Retype the entries exactly; omit all pictures.

-------- EXTRACTED INFORMATION

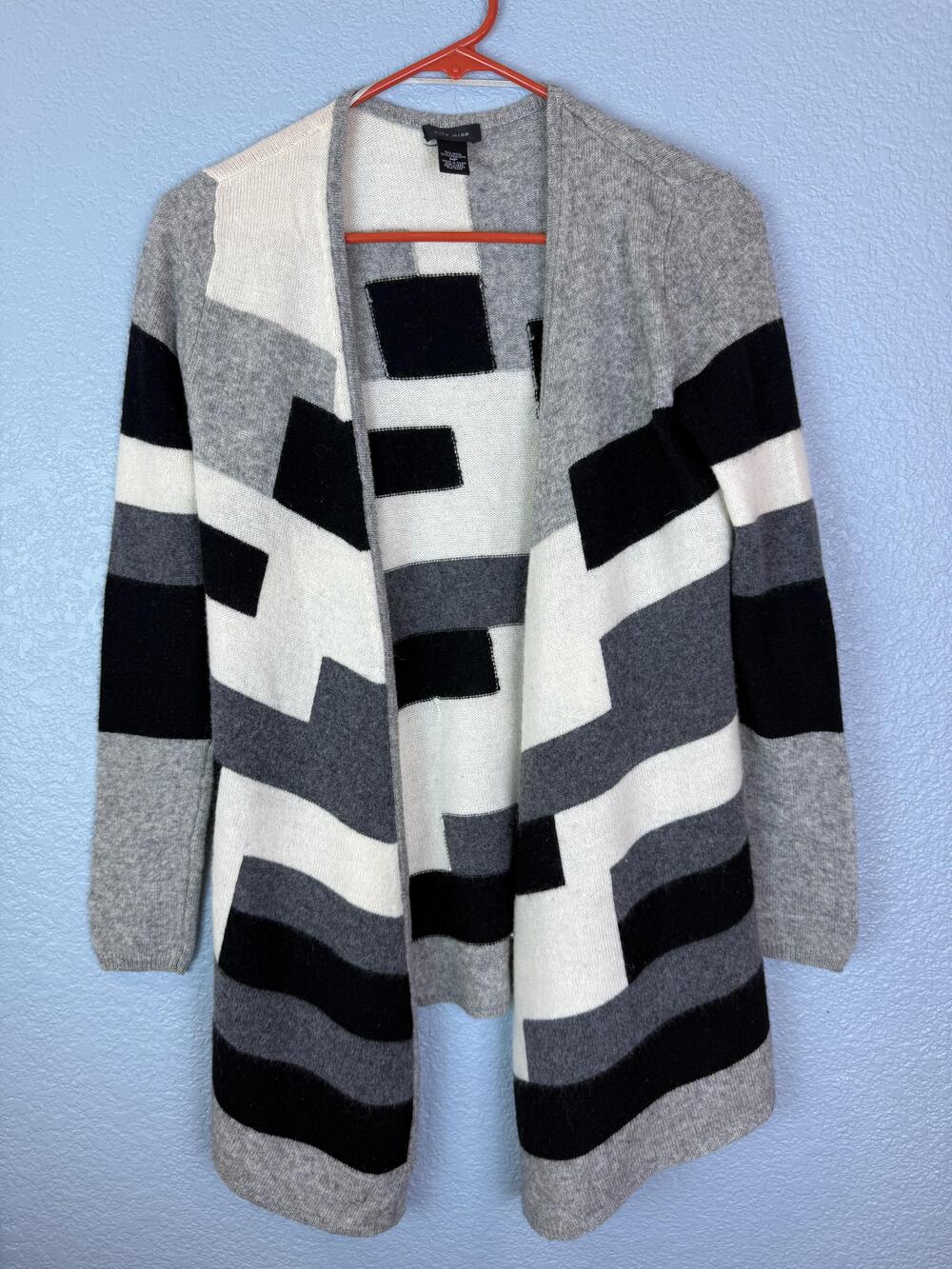 Only Mine Sweater Womens Medium Wool Cashmere Colorblock Cardigan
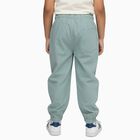 Boys Light Sage Green Elastic Waist Cotton Jogger Trousers, Light Green, small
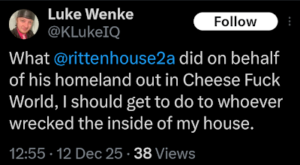 screenshot of a december 2025 x/twitter post by luke wenke threatening violence against victims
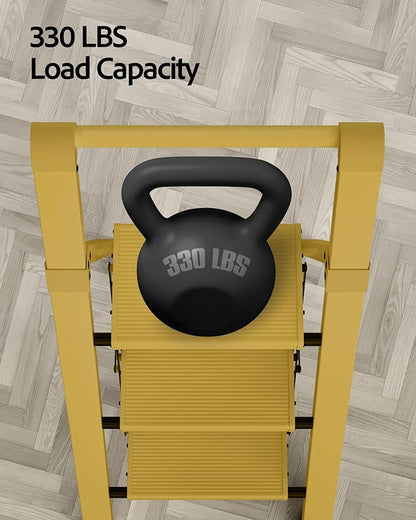 Taranta 3 Step Ladder, Lightweight Aluminum Step Stool with Convenient Handgrip, Folding Ladder with Anti-Slip Pedals, 330lbs Capacity Stepladder for Home, Office, Kitchen - Twilight Yellow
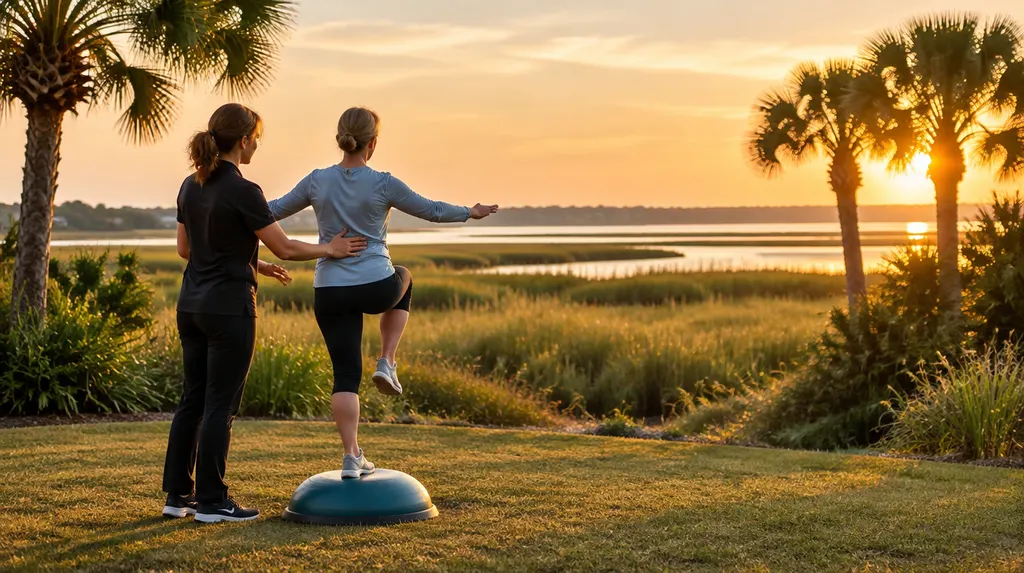 A therapist guiding a patient on a balance exercise in Bluffton, SC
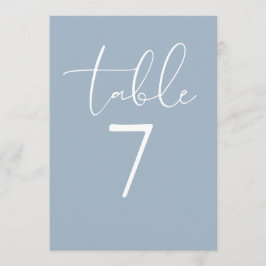 Stoffig blauwe elegante moderne script tafelnummer
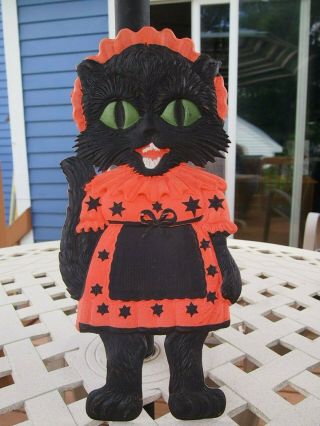 Vintage German Embossed Halloween Decoration Die Cut Girl Black Cat Star Dress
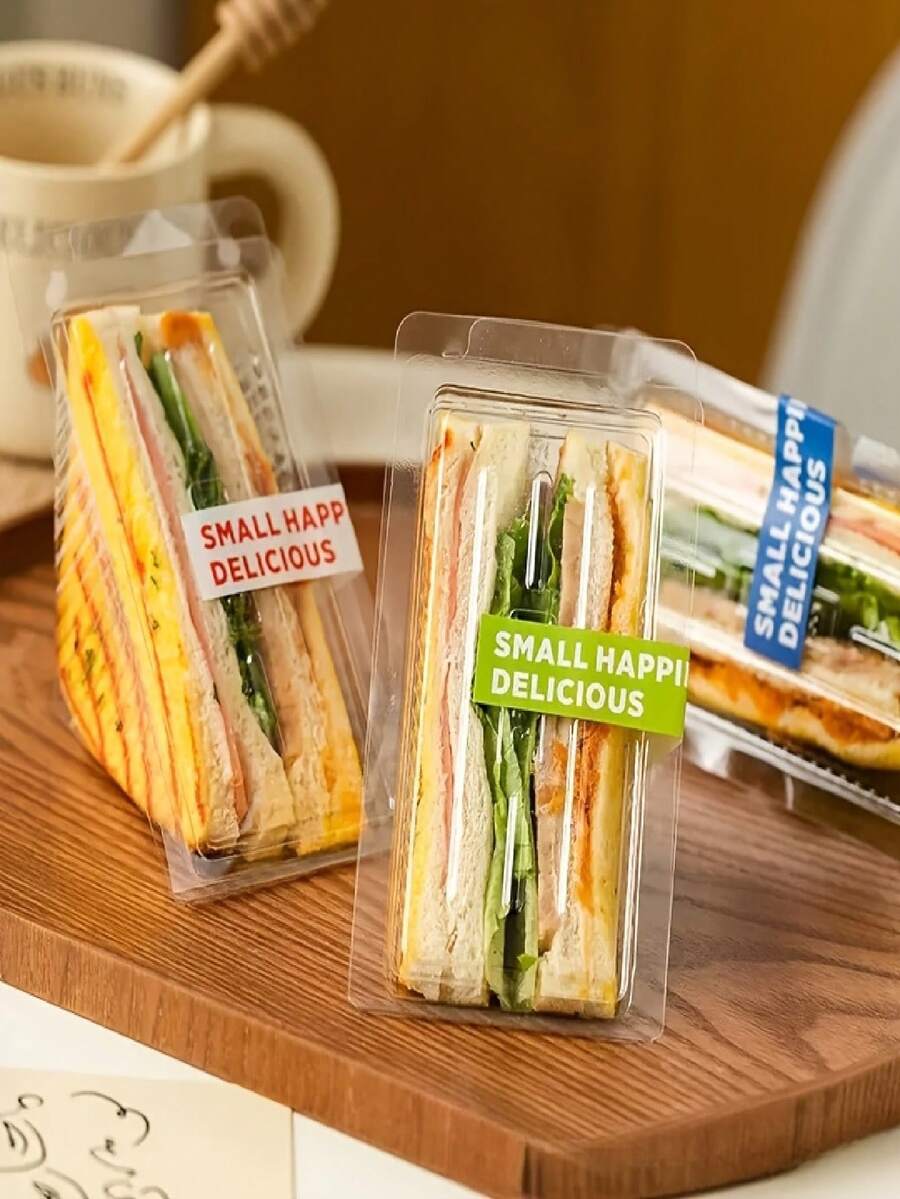 20/50pcs Thickened Stackable Leak-Proof Rectangular Plastic Food Storage Containers, Suitable For Restaurant, Bakery, Takeout Delivery, Sandwich, Cake And Pastry Packaging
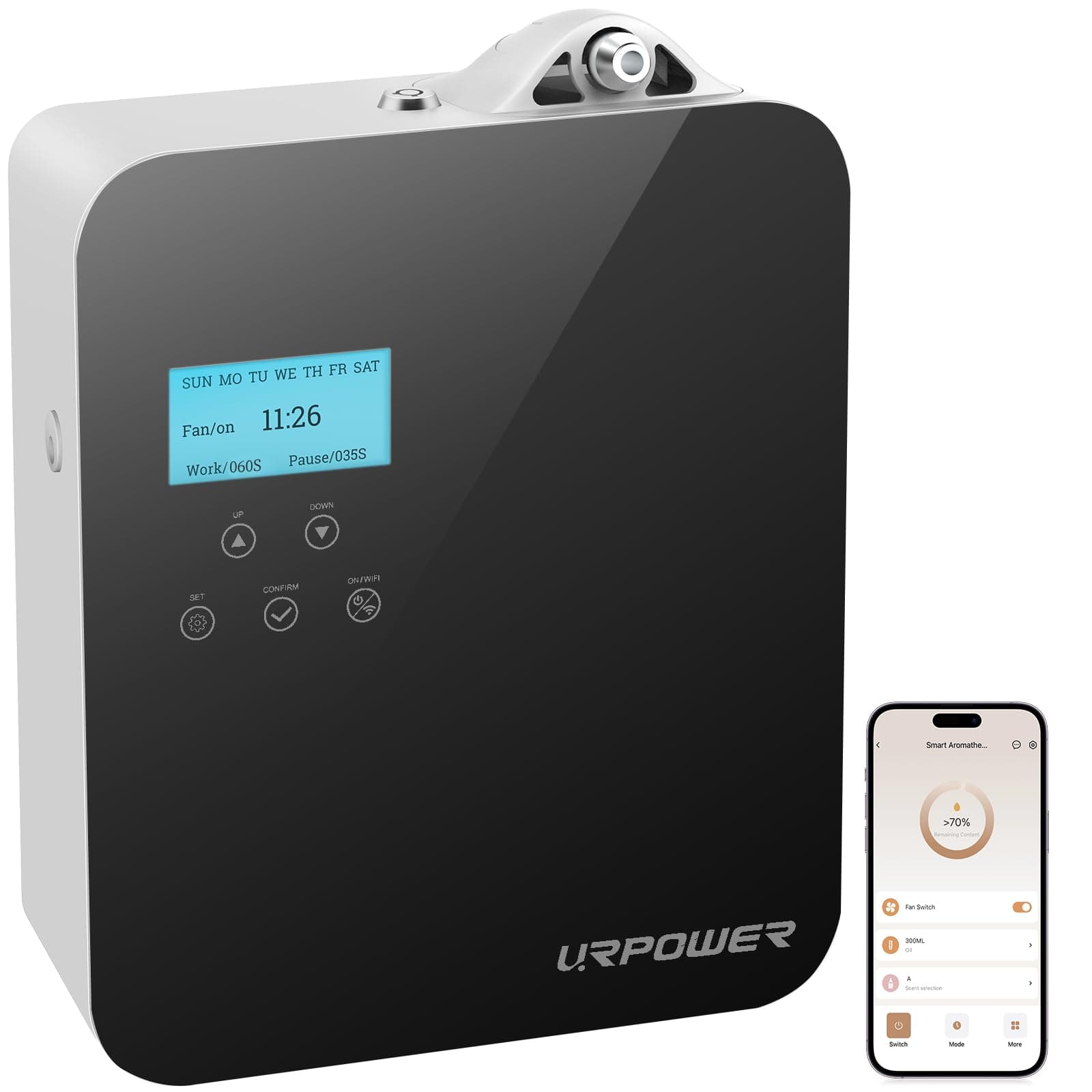 300ML Waterless Scent Essential Oil Diffuser - 3000 Sq.Ft Smart Scent Machine for Home & Hotel HVAC Aromatherapy Air Diffuser Oil Machine for Office (APP Control)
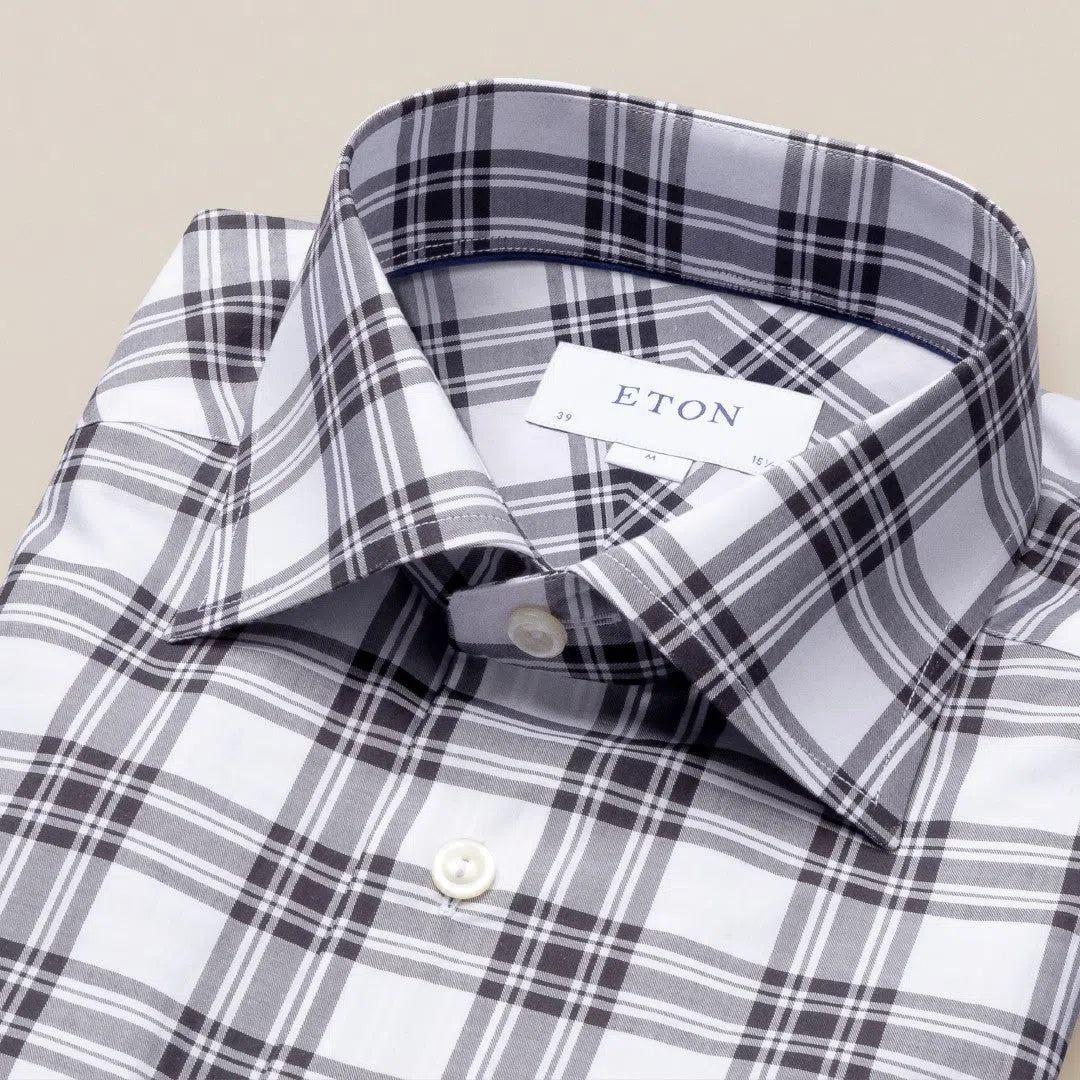 Eton Slim Fit Prince Of Wales Check Shirt Grey/White-MALFORD OF LONDON SAVILE ROW MENSWEAR OUTLET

----------------

REPLY.
 Only Mine Sweater Womens Medium Wool Cashmere Colorblock Cardigan
 Boys Light Sage Green Elastic Waist Cotton Jogger Trousers, Light Green, small
 screenshot of a december 2025 x/twitter post by luke wenke threatening violence against victims
 Taranta 3 Step Ladder, Lightweight Aluminum Step Stool with Convenient Handgrip, Folding Ladder with Anti-Slip Pedals, 330lbs Capacity Stepladder for Home, Office, Kitchen - Twilight Yellow
 A therapist guiding a patient on a balance exercise in Bluffton, SC
 Stoffig blauwe elegante moderne script tafelnummer
 Vintage German Embossed Halloween Decoration Die Cut Girl Black Cat Star Dress
 20/50pcs Thickened Stackable Leak-Proof Rectangular Plastic Food Storage Containers, Suitable For Restaurant, Bakery, Takeout Delivery, Sandwich, Cake And Pastry Packaging
 300ML Waterless Scent Essential Oil Diffuser - 3000 Sq.Ft Smart Scent Machine for Home & Hotel HVAC Aromatherapy Air Diffuser Oil Machine for Office (APP Control)
 Eton Slim Fit Prince Of Wales Check Shirt Grey/White-MALFORD OF LONDON SAVILE ROW MENSWEAR OUTLET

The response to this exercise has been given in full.